Spotlight Panama: Day three at the International Whaling Commission meeting
It was good to see day three start off with continuing good discussions on the welfare of whales. This included a report from the Humane Killing Methods committee which once again failed to find any way of humanely killing whales at sea.
We then moved back into more dangerous waters with a Japanese proposal for small-type coastal whaling. This proposal would have required a three quarters majority to be successful. With no such pro-whaling majority at this meeting, Japan was clearly up to something. Conversation around the water coolers centred on whether it might be a ruse to do with other votes to be taken later in the week. After much discussion, including a moving presentation from a representative of a Japanese coastal community (should probably say what they were talking about that was moving?), the chairman noted that there was no hope of consensus and deferred the discussion to later.
The next agenda point was the IWC-funded US $24k study on the outcomes of Iceland's scientific whaling, which ended five years ago. Pro-conservationists suggested there were better ways of spending money. Pro-whalers thought it an excellent use of funds.
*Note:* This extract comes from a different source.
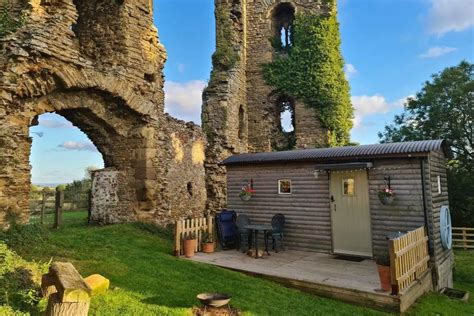 yorkshire places  stay  quirky airbnb retreats  yorkshire   couples getaway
The chair noted a lack of consensus and moved us on once more.
Under the agenda item on Revised Management Plan report, Iceland tried to get a sei whale review but didn't get anywhere. Then, from just about nowhere, the Republic of Korea announced its intention to begin scientific whaling. This has been a threat in the wings of the IWC for a number of years, Both sides of the debate lined up to make their points in what became a heated discussion. In the end the Korean delegation shouted that they didn't particularly care what their opponents thought, they were just informing the IWC of what they proposed to do.
If Korea plans to keep to the IWC procedure it will need to submit any plan on scientific whaling before the next IWC before it could begin. It could be all bluster, but Korea could be serious, we will have to wait for next year to find out. In the meantime the Korean government should expect to be hearing from an awful lot of people.
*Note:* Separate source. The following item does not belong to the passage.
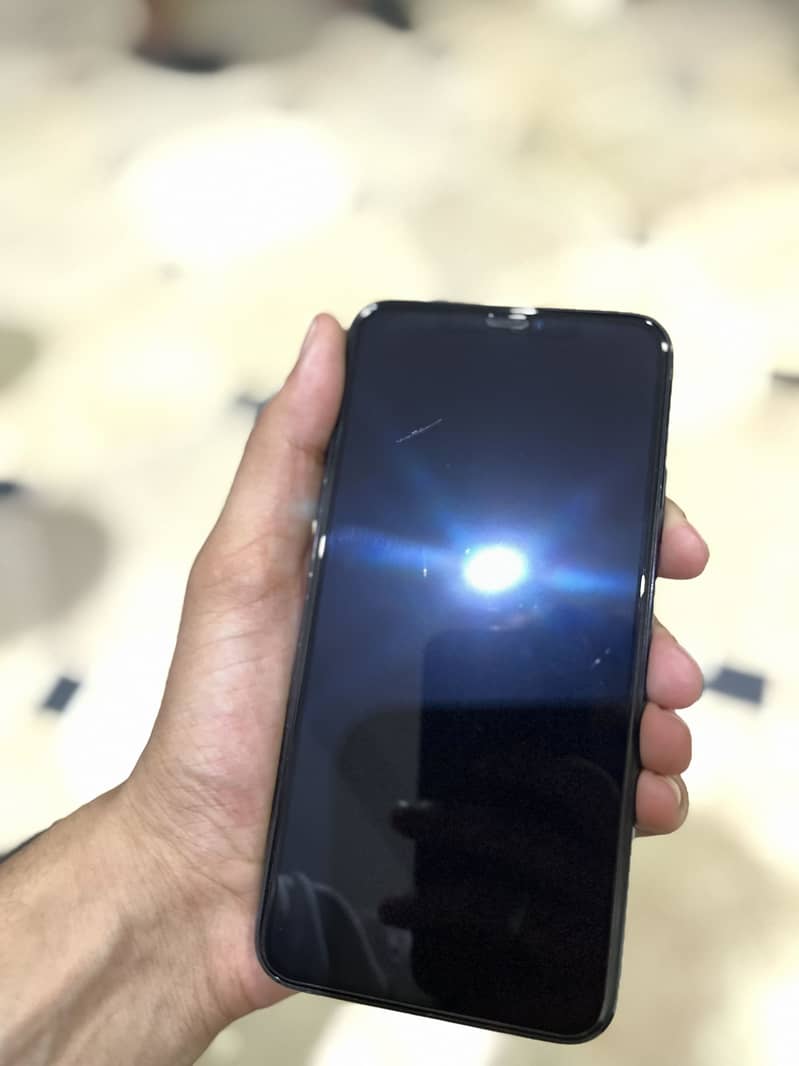 iPhone 11 Pro Max 3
In the afternoon, Japan made its annual presentation of video and photographic evidence to back up its allegations of dangerous and violent harassment conducted by Sea Shepherd at sea. This included a clear reproduction of the Sea Shepherd website that says the organisation only uses non-violent harassment. Japan claimed that its scientific whaling programme had been badly reduced because of Sea Shepherd's activities. All states that then intervened agreed that they could not condone violent action. Australia noted that the International Maritime Organization (IMO) might be the best place to raise these concerns rather than the IWC. Barbuda and Antigua, on the other hand, felt that the IWC was indeed the right forum for this annual discussion of "terrorism". The Netherlands made an interesting intervention on this subject that majored on its opposition to scientific and commercial whaling and a respect for the right to non-violent demonstrations before finally noting that it condemned violent activities and called for the issue to be handled by the IMO and not the IWC.
Finally delegates considered a number of committee reports that provoked little or no debate. So, we then came to the end of day three, the first day without a vote... What tomorrow will bring, we shall see.